Swiss watch exports fell by 12.4 percent year-on-year to 2.05 billion Swiss francs in September, the Federation of the Swiss Watch Industry (FH) announced on Thursday. Over the first nine months, exports totaled 19.2 billion Swiss francs. That is a drop of 2.7 percent.
After a brief breather in the summer months, September saw the sharpest decline this year, the association wrote. The slowdown in China and Hong Kong alone was responsible for two thirds of the decline.
Slump in China and Hong Kong
The consumer crisis that has been evident in China for several months was reflected with full force in the watch export statistics for September. Exports to China fell by almost 50 percent to 128.8 million Swiss francs and those to Hong Kong by almost 35 percent to 128.9 million.
However, watch exports to other, predominantly Asian markets were also weak.
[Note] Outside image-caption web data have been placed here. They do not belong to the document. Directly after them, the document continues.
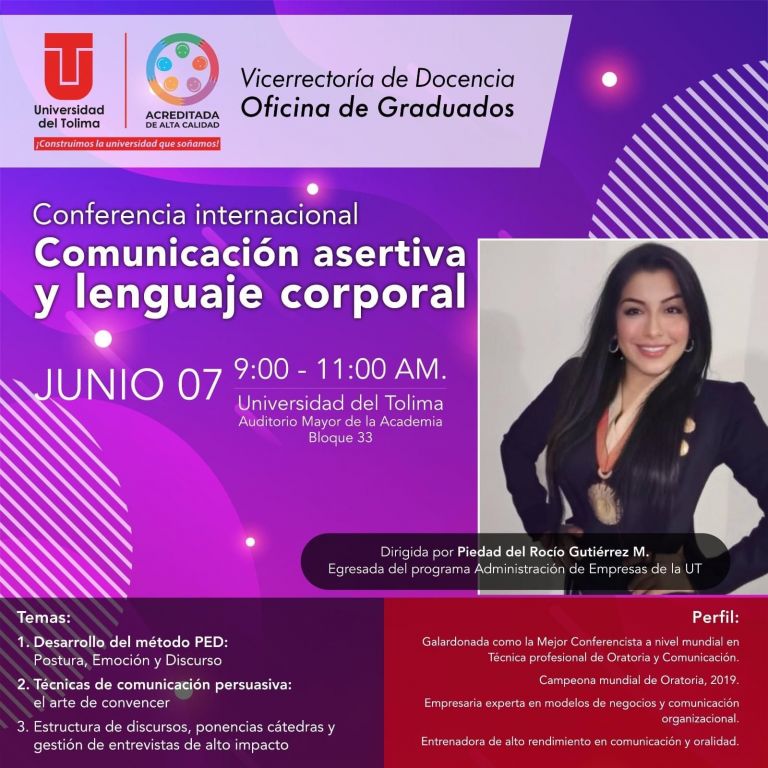 Universidad del Tolima dictará en el día de hoy Conferencia Internacional de Comunicación Asertiva y Lenguaje Corporal.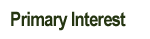 Primary Interests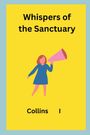 Collins I: Whispers of the Sanctuary, Buch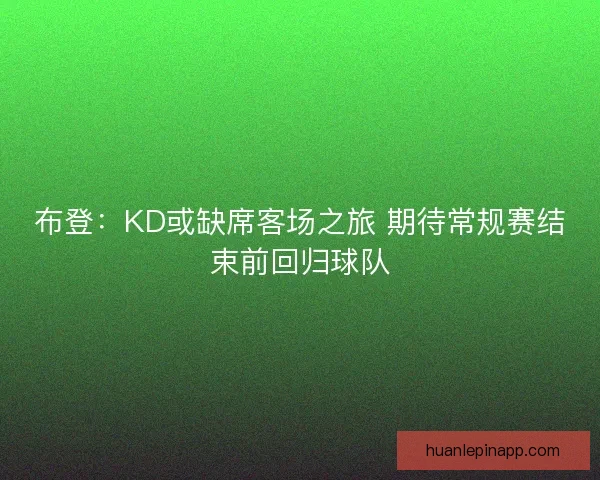 布登：KD或缺席客场之旅 期待常规赛结束前回归球队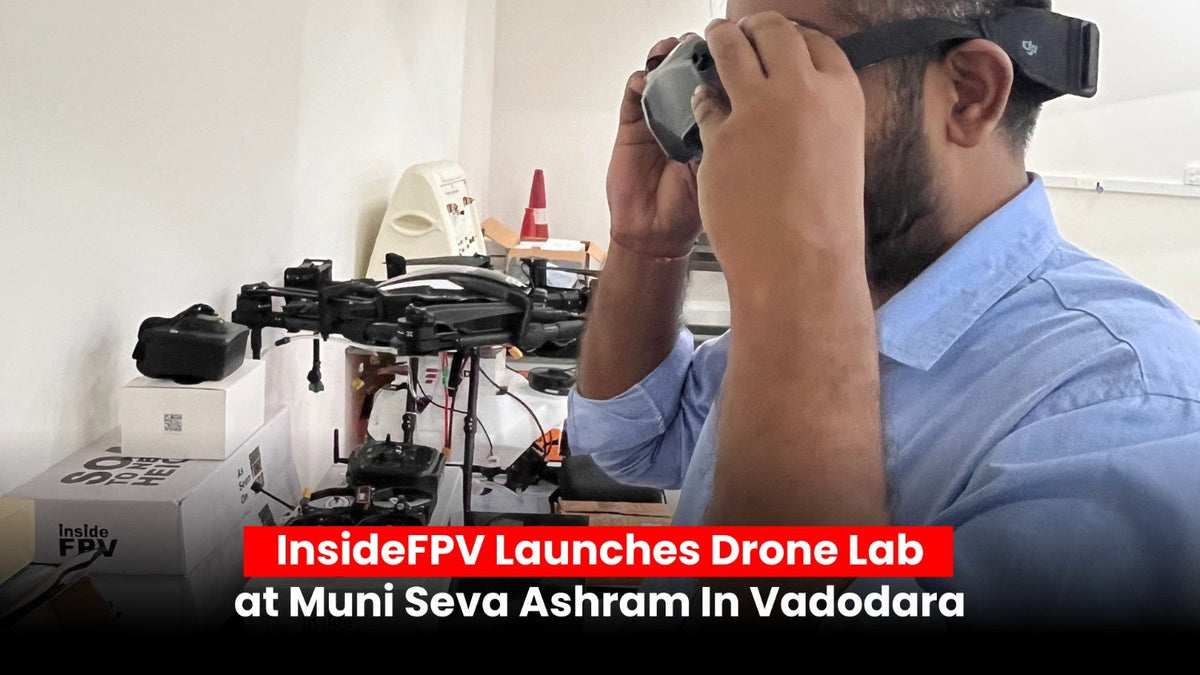InsideFPV Launches Drone Lab at Muni Seva Ashram in Vadodara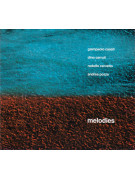 Giampaolo Casati - Dino Cerruti - Rodolfo Cervetto - Andrea Pozza – Melodies (CD)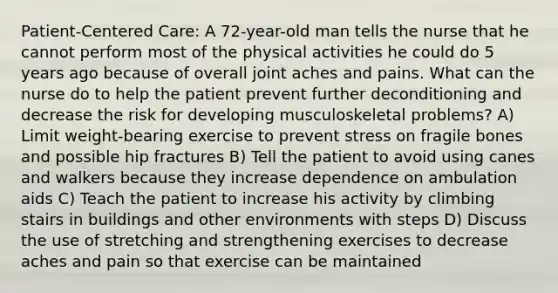 Patient-Centered Care: A 72-year-old man tells the nurse that he cannot perform most of the physical activities he could do 5 years ago because of overall joint aches and pains. What can the nurse do to help the patient prevent further deconditioning and decrease the risk for developing musculoskeletal problems? A) Limit weight-bearing exercise to prevent stress on fragile bones and possible hip fractures B) Tell the patient to avoid using canes and walkers because they increase dependence on ambulation aids C) Teach the patient to increase his activity by climbing stairs in buildings and other environments with steps D) Discuss the use of stretching and strengthening exercises to decrease aches and pain so that exercise can be maintained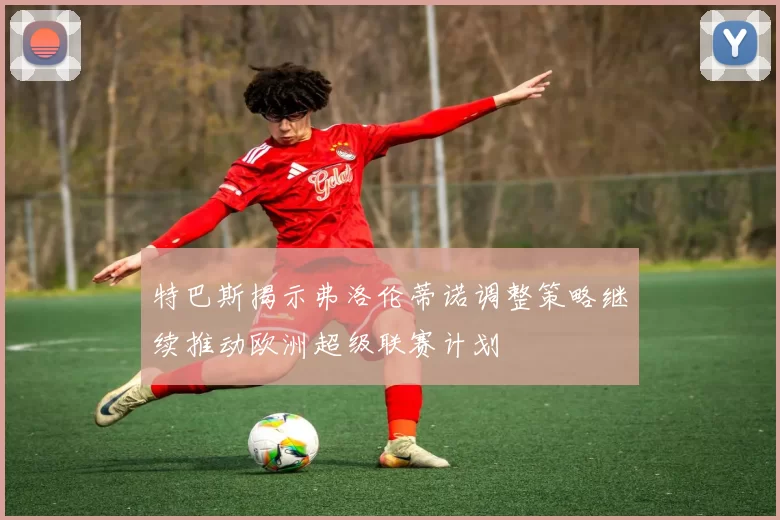 特巴斯揭示弗洛伦蒂诺调整策略继续推动欧洲超级联赛计划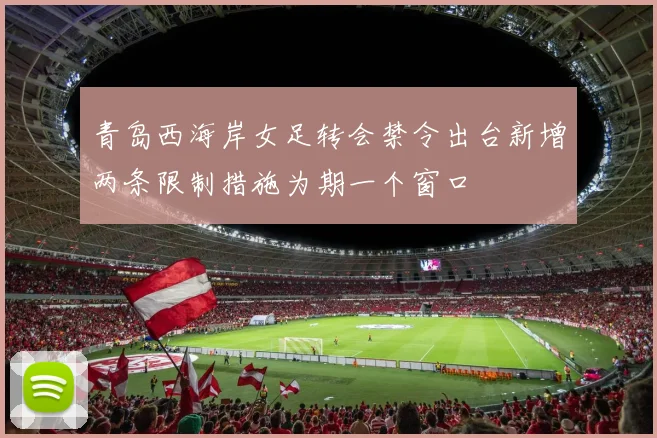 青岛西海岸女足转会禁令出台新增两条限制措施为期一个窗口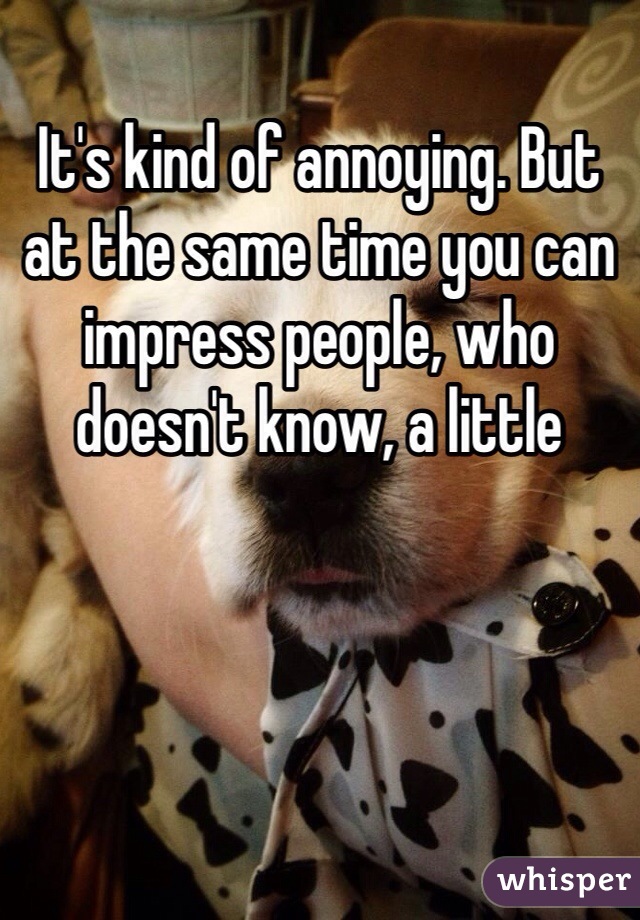 It's kind of annoying. But at the same time you can impress people, who doesn't know, a little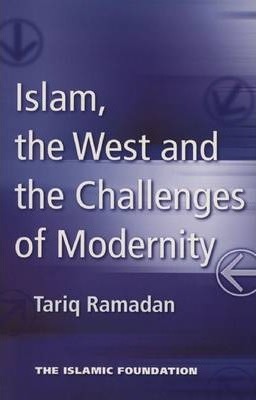 Islam, the West and the Challenges of Modernity - Tariq Ramadan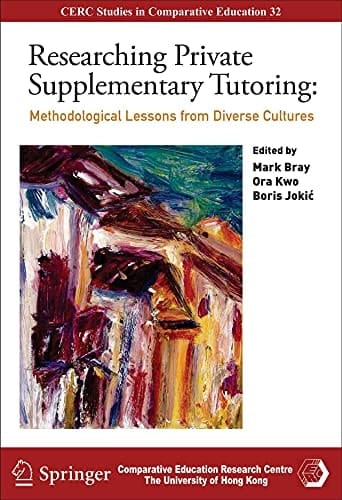 Researching Private Supplementary Tutoring Methodological Lessons from Diverse Cultures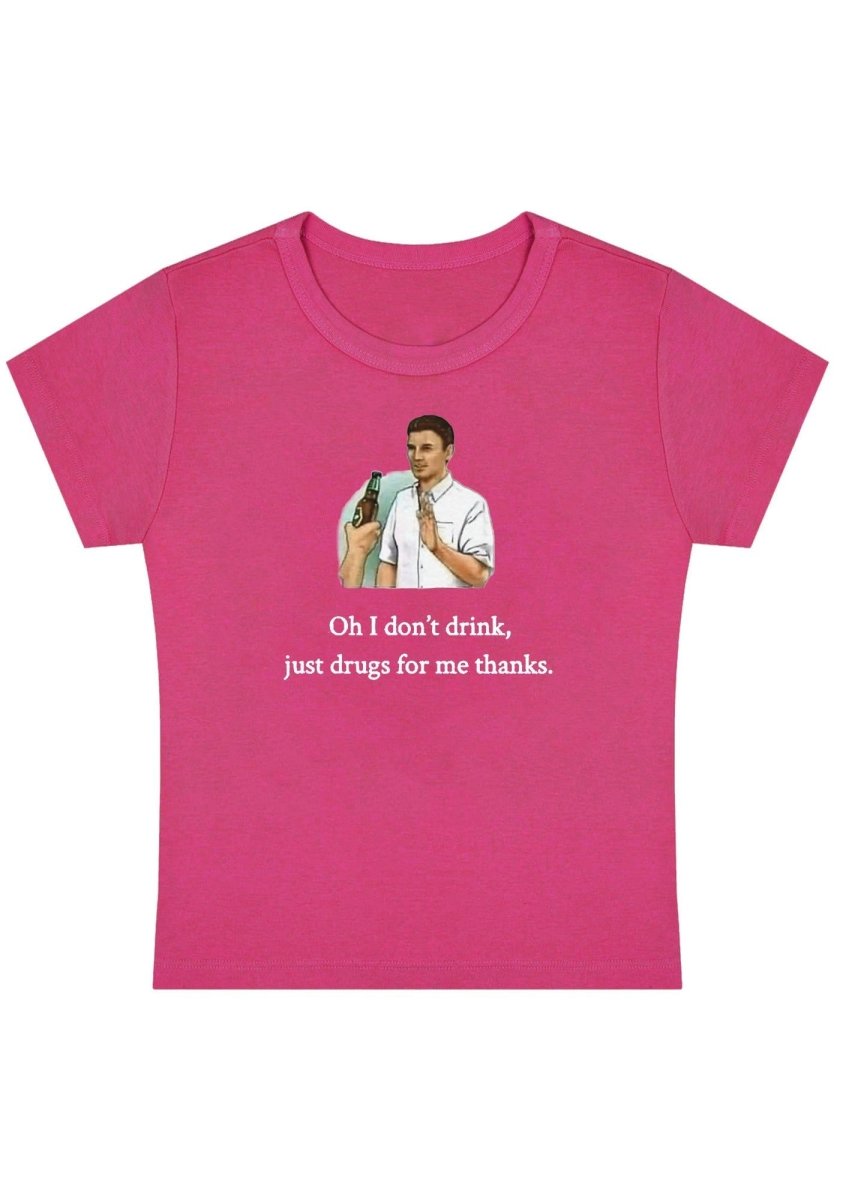Oh I Don't Drink Y2K Baby Tee - cherrykittenOh I Don't Drink Y2K Baby Tee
There were double-digit percentage declines to South Korea (-20%), Taiwan (-30%), Thailand (-35%) and Singapore (-14%), as well as to the UK (-11%).
In contrast, the slight growth in the USA, the largest sales market (+2.4% to 353.0 million), was a ray of hope. Exports also increased to Japan (+2.0%), Germany (+5.7%) and Spain (+5.3%).
In terms of price categories, the middle segment with export prices of between 500 and 3,000 francs per watch saw the sharpest decline at -33%. However, the two lower segments with watches priced between 200 and 500 francs and below 200 francs also performed weakly (-21% each). Exports in the most expensive segment above CHF 3,000 per watch fell by 7.3%.